Top of Listed records

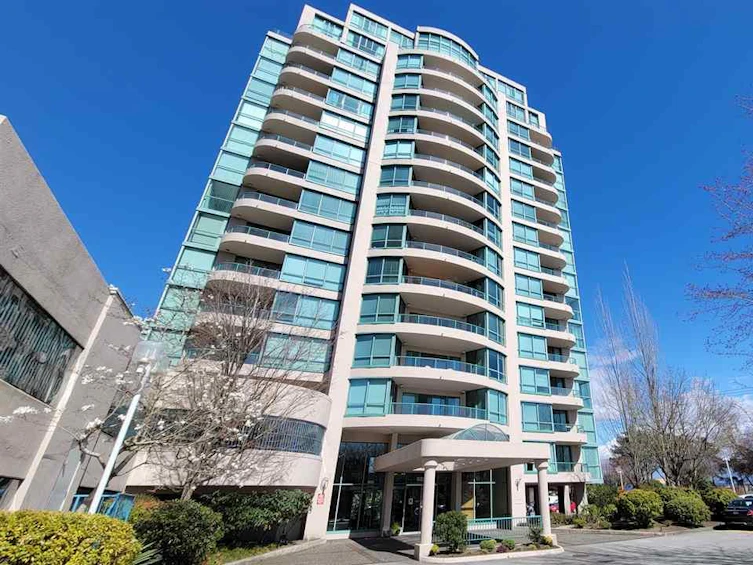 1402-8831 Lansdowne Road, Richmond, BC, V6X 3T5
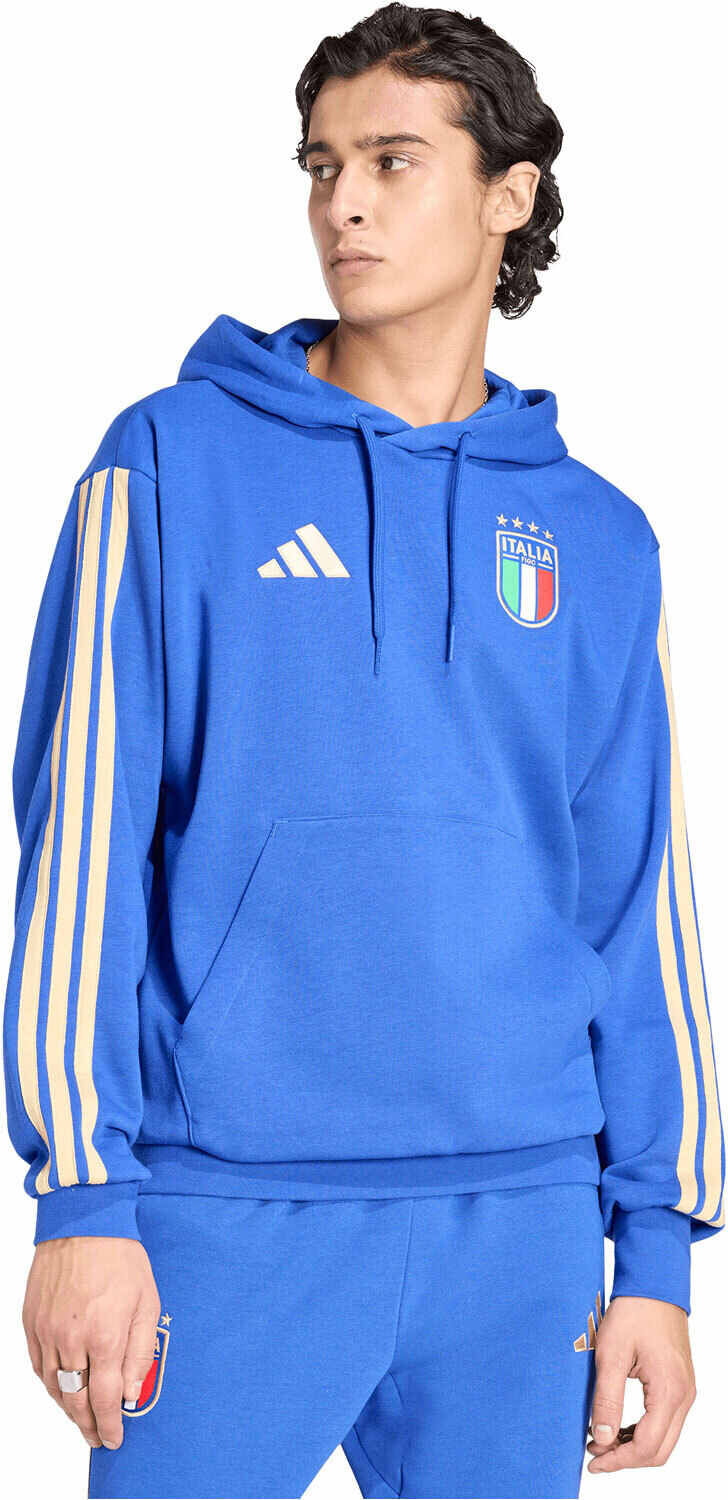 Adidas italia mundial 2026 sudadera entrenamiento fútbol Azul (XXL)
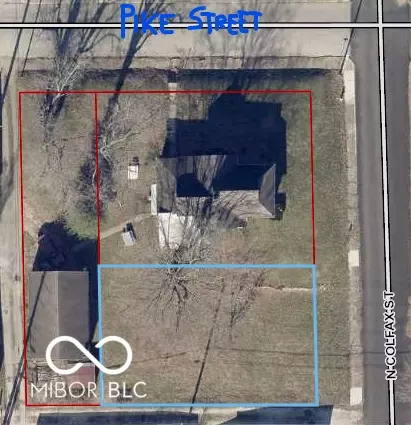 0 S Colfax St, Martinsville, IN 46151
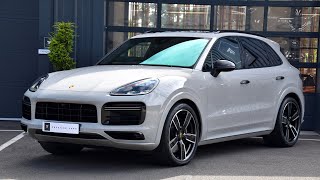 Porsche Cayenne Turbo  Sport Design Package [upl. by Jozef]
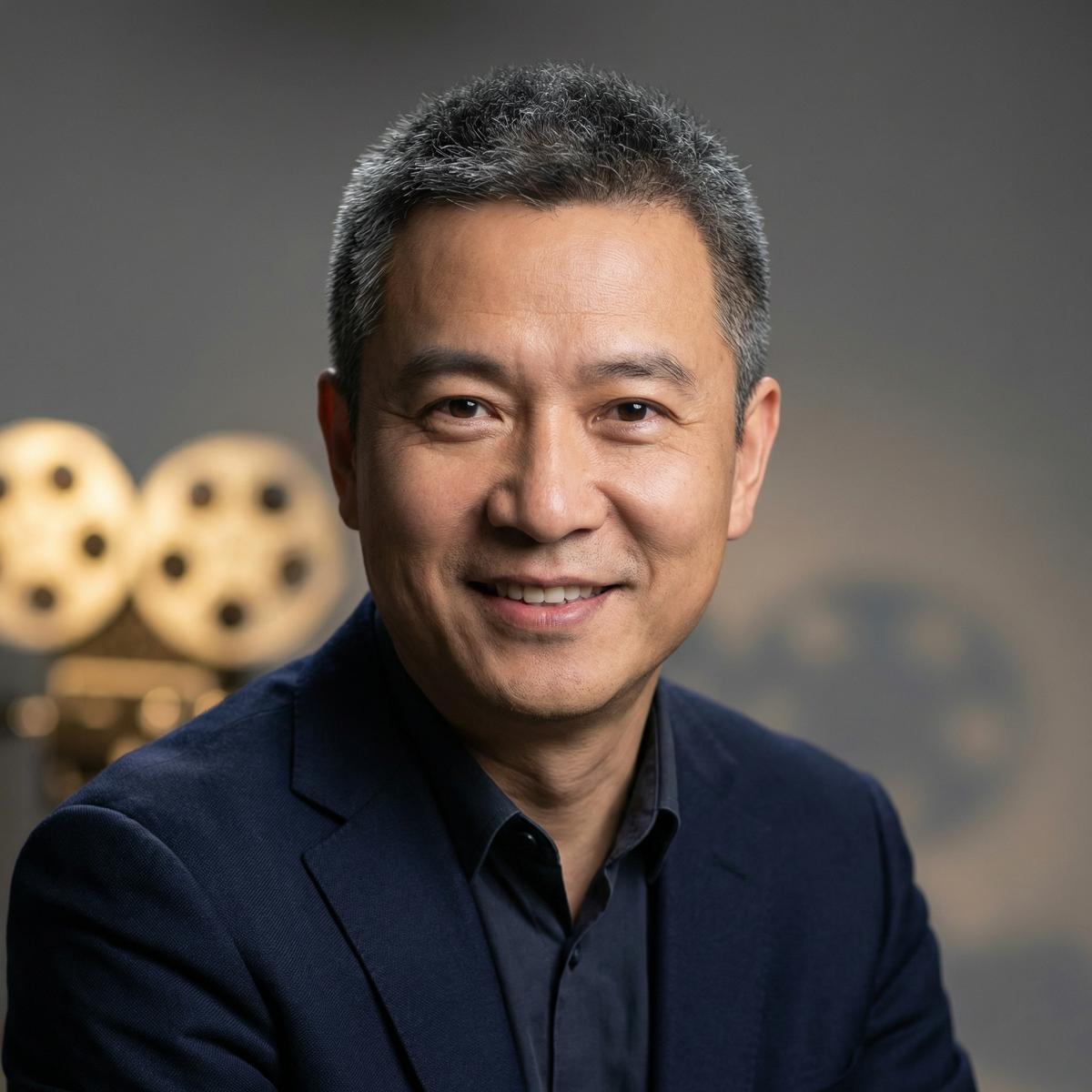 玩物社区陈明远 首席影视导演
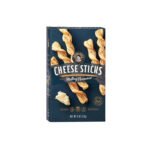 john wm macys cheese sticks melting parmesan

Bottom of Listed records

The material shown above is to be repeated verbatim, and its pictures are to be omitted.

## Exercise result
 1402-8831 Lansdowne Road, Richmond, BC, V6X 3T5
 Adidas italia mundial 2026 sudadera entrenamiento fútbol Azul (XXL)
 0 S Colfax St, Martinsville, IN 46151
 Porsche Cayenne Turbo  Sport Design Package [upl. by Jozef]
 玩物社区陈明远 首席影视导演
 john wm macys cheese sticks melting parmesan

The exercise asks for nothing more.